154    The applicant asserts that the Iluka camp site established five years after the initial dispersal action significantly reduced the number of GHFF in the Maclean area, but once the dispersal of Maclean had stopped in 2007, the GHFF returned to the Reserve which resulted in public conflict. The applicant also submits that the formation of a colony of GHFF at Kareela is highly relevant as it demonstrates the possible unpredictable outcomes from deliberate or accidental dispersal. The applicant submits that the GHFF, if dispersed from the Gardens, might form small colonies in metropolitan Sydney thereby resulting in conflict with local communities.

155    The applicant submits that the Minister failed to consider any of the above issues and that the PER only refers to the dispersal of the GHFF from the Royal Botanic Gardens in Melbourne. Accordingly, the applicant submits that the Minister failed to consider other dispersals which was a mandatory and relevant consideration.

Finding

156    When making the Decision, the Minister had Dr Richards’ report before him which identified previous unsuccessful dispersal actions.

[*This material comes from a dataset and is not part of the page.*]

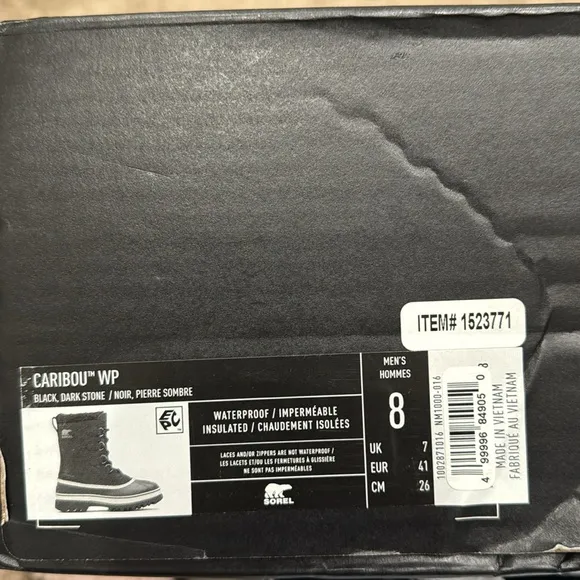 Sorel Mens Caribou Waterproof Boots Size 8
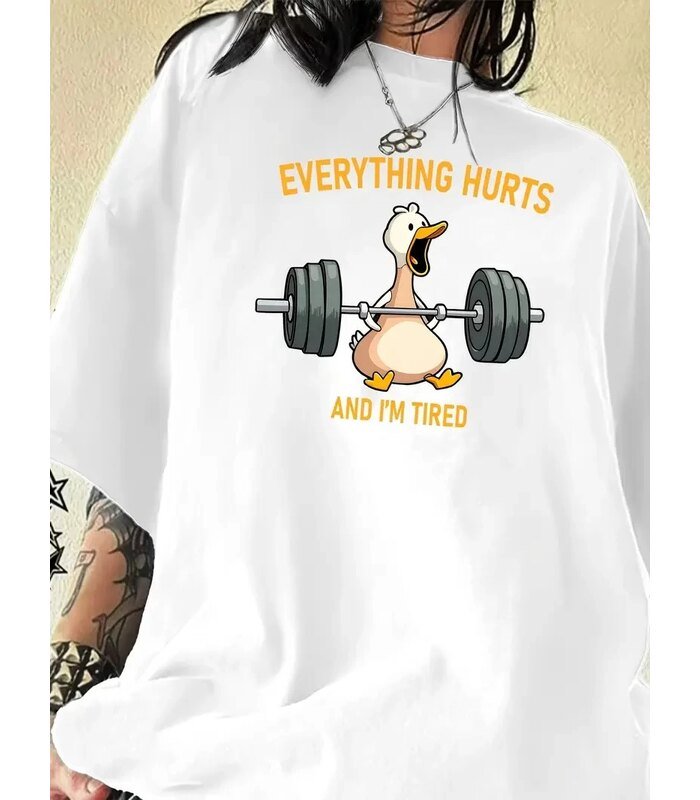 Kadın T-Shirt Ördek Baskılı Bisiklet Yaka Kısa kol Tişört - Beyaz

Further DEWHA had indicated in its Recommendation Report that such actions had met with ‘mixed success’. It stated:

The method proposed by the BGT is based on the relocation of GHFF from the Royal Botanic Gardens in Melbourne and other locations such as Maclean in NSW which both have had mixed success. The Melbourne Botanic Gardens relocation was undertaken in 2003 where approximately 30,000 GHFF were relocated to Yarra Bend Park and a small proportion of the colony relocated to Easter Park in Geelong. Since the relocation occurred in March 2003, the GHFF colony has not re-established in the Melbourne Botanic Gardens.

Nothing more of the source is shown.